When you trace a song you love back to its roots, you start to see what the musician behind it grew up listening to.
The Greenwood Cover (1985)
"Sparkle" has been loved by other musicians too. In 1985, the Hawaii-based group Greenwood covered the song. It is a record known among the more dedicated fans.
The Cover Art of "For You" by Eijin Suzuki
If you are going to trace the people who made "Sparkle," there is one more. Not a player. The illustrator who painted the cover of the album it appears on, For You.
Eijin Suzuki. He is known for vivid color and a style full of light that calls to mind the American West Coast. Tatsuro saw Suzuki's work in The Yearbook of Japanese Illustration and asked him to do the cover.

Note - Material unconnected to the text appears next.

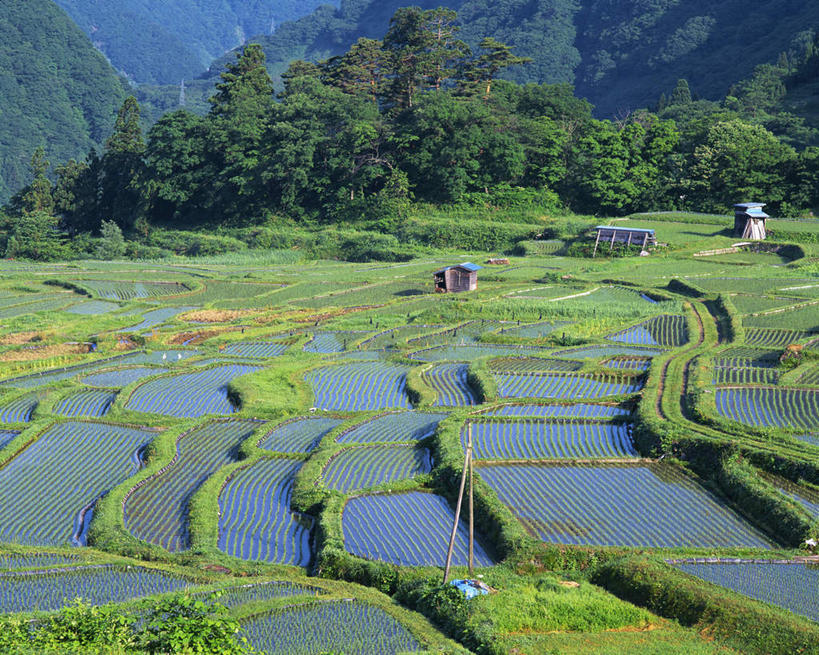 无人,农田,横图,俯视,室外,白天,旅游,度假,农业,庄稼,农作物,草地,草坪,美景,山,山脉,植物,长野县,日本,亚洲,阴影,光线,影子,稻田,景观,山峰,云,云朵,山峦,云彩,娱乐,草,树,树木,蓝色,绿色,白云,蓝天,天空,阳光,自然,群山,天,享受,休闲,景色,放松,生长,晴朗,成长,自然风光,东亚,本州,本州岛,日本国,中部地方,长野,晴空,彩图,高角度拍摄,耕地,庄稼田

The brief, by Suzuki's account, was a single line: "Draw whatever you like for a record called For You."
Suzuki, on a sudden inspiration, painted a West Coast electronics shop, the kind that would also sell records, and placed Tatsuro himself standing beside it. That became the summer cover everyone knows. At the time, Suzuki did not really know who had asked him. Tatsuro was already appearing in television commercials, yet Suzuki had not recognized him, and only when they met to discuss the work did it click: "Oh, the guy from TV," as he has put it. This job led to many more. Suzuki went on to design a number of Tatsuro's other singles and albums.
In Closing
"Sparkle" takes hold of you the instant you hear it. But its shimmer is assembled from work that each has a name. The intro, where a musician who could not play lead guitar turned a limitation into an identity. The foundation Jun Aoyama and Koki Ito laid down. Minako Yoshida's words. The summer Eijin Suzuki painted. And, underneath it all, one record by Niteflyte.
And the album that holds this song, For You, has no filler. From the opening "Sparkle" to the last track, it shines from end to end, a masterpiece in the fullest sense.
One thing worth saying plainly: most of Tatsuro Yamashita's music is not available on streaming services. So if you want to hear this song properly, finding it on vinyl or CD is, for now, the surest way. It takes some effort. But the sound waiting at the end of that effort is well worth it.